Well since there is soo little water it is easy to put the salinity way out of wack. carefully mix outside of tank and add bti by bit. You can just top off wtih R/O. also there are things called automatic topoffs which is a sensor that will sense the water level and when it is to low it turns on a pump or a powerhead that is sitting in a bucket below or behind and top's it off for you itself.








I'm going to be trying to turn my 6 gal into one of these hopefully with success.


----------



## Mettle (Dec 29, 2003)

Wow! That's freakin' cool. It's like a poor man's SW aquarium... Exactly what I need! lol

Do you think it could be done with a 5 gal hex?


----------



## Seany B (Dec 12, 2003)

It definatley can be. believe it or not people pull off 3 gal, 1 gal. I even read about a 1/2 gallon tank. not sure what was it it but it was done. I have a link for the auto top off if anyone wants to see i just have to find it


----------



## Mettle (Dec 29, 2003)

I am definitely interested in that link.


----------



## Seany B (Dec 12, 2003)

Here is the link:

Auto Top-off


----------



## Mettle (Dec 29, 2003)

Seany B said:


> Here is the link:
> 
> Auto Top-off


 Thanks!


----------



## acestro (Jul 7, 2003)

Thanks for the link!


----------



## Death in #'s (Apr 29, 2003)

thats a awesome nano reef


----------



## thePACK (Jan 3, 2003)

very nice...but 7 gallons..damn thats small..


----------



## accr (Nov 27, 2002)

I have a 10g in the making. Started from a 5g but it's just too darn small... with a 10, I can add a mini-fuge & skimmer.

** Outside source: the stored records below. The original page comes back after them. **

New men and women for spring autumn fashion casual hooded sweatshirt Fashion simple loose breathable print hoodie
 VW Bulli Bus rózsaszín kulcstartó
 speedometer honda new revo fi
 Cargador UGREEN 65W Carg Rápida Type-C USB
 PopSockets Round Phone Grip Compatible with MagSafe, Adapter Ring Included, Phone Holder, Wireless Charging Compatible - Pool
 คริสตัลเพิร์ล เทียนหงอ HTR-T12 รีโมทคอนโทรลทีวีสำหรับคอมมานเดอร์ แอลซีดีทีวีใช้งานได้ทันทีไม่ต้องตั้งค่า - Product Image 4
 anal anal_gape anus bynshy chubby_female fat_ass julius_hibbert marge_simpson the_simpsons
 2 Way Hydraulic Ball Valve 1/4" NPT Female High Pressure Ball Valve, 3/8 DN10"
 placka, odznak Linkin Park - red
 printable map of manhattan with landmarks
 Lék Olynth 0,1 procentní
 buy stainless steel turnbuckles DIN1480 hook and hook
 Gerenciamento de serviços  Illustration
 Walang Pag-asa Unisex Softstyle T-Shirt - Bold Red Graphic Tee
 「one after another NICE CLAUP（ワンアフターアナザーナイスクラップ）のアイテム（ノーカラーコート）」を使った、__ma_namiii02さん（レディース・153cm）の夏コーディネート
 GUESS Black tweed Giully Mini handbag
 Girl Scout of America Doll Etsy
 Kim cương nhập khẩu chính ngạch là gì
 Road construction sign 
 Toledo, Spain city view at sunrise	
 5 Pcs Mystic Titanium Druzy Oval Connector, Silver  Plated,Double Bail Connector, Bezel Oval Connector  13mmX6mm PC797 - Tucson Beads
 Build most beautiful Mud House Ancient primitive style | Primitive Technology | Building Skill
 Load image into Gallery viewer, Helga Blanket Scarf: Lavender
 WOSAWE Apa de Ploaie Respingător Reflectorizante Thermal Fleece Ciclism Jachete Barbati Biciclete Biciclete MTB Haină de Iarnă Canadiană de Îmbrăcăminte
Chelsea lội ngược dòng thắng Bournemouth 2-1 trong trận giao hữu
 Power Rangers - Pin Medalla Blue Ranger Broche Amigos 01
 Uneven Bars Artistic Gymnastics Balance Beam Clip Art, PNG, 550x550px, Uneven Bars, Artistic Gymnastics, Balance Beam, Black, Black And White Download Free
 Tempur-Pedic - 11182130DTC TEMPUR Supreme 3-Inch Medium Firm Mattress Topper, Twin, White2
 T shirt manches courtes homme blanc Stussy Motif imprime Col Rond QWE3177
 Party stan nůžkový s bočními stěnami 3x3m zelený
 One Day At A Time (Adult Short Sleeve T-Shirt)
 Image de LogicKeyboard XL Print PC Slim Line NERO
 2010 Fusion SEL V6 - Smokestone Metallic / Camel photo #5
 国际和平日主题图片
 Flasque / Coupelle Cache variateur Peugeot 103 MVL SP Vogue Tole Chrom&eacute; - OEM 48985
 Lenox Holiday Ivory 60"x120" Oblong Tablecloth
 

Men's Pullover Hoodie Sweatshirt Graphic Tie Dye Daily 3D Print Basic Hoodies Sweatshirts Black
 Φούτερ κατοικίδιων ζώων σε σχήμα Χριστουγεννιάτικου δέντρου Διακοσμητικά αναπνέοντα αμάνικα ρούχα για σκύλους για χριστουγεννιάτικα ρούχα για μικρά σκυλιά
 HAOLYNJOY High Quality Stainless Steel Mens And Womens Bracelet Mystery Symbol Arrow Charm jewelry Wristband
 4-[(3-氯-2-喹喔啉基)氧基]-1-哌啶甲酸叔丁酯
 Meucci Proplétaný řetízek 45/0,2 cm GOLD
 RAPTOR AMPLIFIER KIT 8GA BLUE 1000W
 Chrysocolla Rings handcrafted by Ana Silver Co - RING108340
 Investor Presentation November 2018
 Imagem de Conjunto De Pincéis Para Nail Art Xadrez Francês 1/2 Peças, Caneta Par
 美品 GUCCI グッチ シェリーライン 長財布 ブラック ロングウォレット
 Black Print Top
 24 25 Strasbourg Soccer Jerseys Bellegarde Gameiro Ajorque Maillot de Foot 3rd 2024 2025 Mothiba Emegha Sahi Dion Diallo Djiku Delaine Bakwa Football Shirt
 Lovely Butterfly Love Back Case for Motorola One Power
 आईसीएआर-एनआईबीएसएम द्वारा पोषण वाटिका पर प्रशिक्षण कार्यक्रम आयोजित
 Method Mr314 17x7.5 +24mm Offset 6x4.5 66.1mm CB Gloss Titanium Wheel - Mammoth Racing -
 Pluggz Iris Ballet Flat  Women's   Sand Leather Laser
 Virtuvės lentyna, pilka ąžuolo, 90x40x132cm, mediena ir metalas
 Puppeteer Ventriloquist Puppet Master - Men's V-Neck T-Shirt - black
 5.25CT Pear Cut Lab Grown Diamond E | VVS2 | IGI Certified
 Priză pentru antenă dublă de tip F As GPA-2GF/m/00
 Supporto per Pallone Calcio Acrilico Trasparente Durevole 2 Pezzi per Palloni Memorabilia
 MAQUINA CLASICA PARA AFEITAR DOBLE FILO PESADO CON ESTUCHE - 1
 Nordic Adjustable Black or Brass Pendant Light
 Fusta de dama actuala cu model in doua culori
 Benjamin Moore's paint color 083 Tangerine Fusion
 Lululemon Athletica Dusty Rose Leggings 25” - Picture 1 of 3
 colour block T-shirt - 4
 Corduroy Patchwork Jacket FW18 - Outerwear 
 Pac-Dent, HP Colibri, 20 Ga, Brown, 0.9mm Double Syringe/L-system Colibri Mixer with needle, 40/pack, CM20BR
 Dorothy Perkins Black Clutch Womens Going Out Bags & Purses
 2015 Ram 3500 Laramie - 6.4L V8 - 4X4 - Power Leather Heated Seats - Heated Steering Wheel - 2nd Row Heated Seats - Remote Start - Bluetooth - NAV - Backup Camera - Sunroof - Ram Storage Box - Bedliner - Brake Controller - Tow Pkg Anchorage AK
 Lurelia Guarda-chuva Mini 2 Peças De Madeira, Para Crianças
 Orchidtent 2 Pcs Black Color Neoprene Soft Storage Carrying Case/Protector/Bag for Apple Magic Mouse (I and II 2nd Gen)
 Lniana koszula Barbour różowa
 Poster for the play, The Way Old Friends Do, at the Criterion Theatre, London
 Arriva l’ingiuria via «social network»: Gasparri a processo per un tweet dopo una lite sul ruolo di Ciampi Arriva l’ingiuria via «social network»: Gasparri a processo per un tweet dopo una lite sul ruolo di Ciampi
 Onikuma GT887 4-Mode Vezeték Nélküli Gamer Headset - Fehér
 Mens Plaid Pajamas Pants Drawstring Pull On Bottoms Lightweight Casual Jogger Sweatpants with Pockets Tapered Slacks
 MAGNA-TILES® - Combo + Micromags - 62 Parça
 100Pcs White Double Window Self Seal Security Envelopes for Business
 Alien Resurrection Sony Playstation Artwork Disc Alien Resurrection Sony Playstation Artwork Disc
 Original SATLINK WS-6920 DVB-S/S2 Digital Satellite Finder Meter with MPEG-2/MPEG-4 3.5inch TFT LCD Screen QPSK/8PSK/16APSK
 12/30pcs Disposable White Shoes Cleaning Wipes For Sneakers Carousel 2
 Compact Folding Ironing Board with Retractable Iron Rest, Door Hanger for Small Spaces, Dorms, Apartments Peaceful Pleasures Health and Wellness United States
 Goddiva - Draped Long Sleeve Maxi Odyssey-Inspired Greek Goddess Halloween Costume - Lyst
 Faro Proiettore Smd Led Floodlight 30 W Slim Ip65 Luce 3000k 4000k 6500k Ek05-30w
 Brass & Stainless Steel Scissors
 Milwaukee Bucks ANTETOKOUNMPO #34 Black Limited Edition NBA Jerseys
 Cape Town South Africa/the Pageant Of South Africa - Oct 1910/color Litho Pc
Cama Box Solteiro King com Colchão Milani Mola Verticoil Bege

check out www.nano-reef.com guys...


----------



## garybusey (Mar 19, 2003)

thePACK said:


> very nice...but 7 gallons..damn thats small..


 I agree very nice tank..... BUT man I once had a 10g salt tank and it was hell keeping all the levels good. I give the guy credit, that tank must be VERY hard to maintain.....


----------